Threats to Diabetic Foot Care
“There are a lot of diabetic shoes sitting in people’s closets because they essentially got something for free. They got them but aren’t necessarily encouraged to use them. There is a lot of fraud in that area,” said Mike Lyons, DPM, Foot Health Centers, Hernando, Mississippi. “In my experience the patients who do get them are like clockwork—they show up every year with their paperwork for a new pair. But the percentage of diabetics in my practice that actually have diabetic shoes is very low—maybe 15 percent. Some just don’t want them and others find that the Medicare Advantage plans will not pay for them. Anyone who switches to a Medicare Advantage plan cannot get the shoes covered by Medicare. Many patients are unaware of that,” Lyons says.
“Forty percent of people who qualify for Medicare are in a Medicare Advantage plan, which may or may not cover purchases under the Therapeutic Shoe Bill. It’s not possible to track how many of them are getting reimbursed through the Advantage plan for their shoes,” says Josh White, DPM, CPed, vice president, Orthofeet, headquartered in Northvale, New Jersey.
White notes that there are fewer clinicians fitting shoes, either because of the low reimbursement and risk of audit or the overall shortage of pedorthists. He believes the shortage is due to increasingly difficult educational requirements as well as the difficulty of getting materials and the hands-on experience to become proficient.
“More people are covered by plans that pay less, with 41 percent of Medicare patients now covered by low-reimbursement Medicare Advantage plans, so the [pedorthic] profession is less lucrative.

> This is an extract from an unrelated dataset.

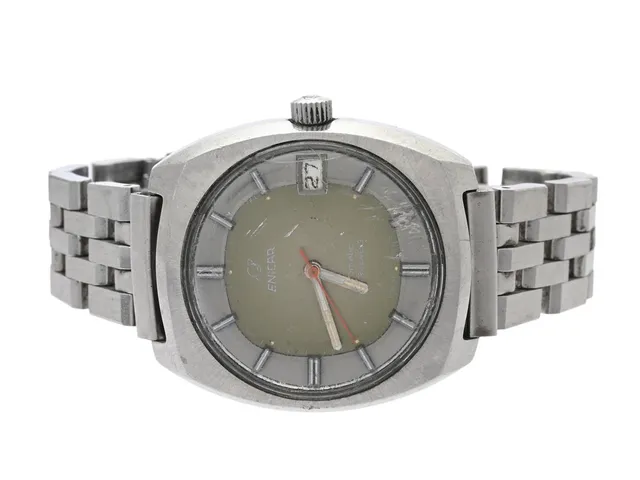ENICAR, Star Jewels (T Swiss Made T), Boett nr. 165-54-07, herrur, 35 mm, stål, automatisk, plexiglas (skadat), datum, defekt (servicebehov), skadad urtavla, ca 1970, metallänk ej original.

But there is great optimism in the current transition from fee-for-service reimbursement to value-based care which rewards success.”
Janisse also reports the problems facing aspiring pedorthists, as all college or university post-graduate pedorthic education programs are closed at the time of this writing—a crisis that is being addressed by Janisse and other industry leaders.
Hopefully, with time, recognition of the value of preventive and protective care for the diabetic foot will bring us full cycle, to recover and restore the original intent of the therapeutic shoe bill—and to demonstrate that diabetic shoes are a cost-effective alternative to treating the more serious medical issues that evolve in the absence of such care.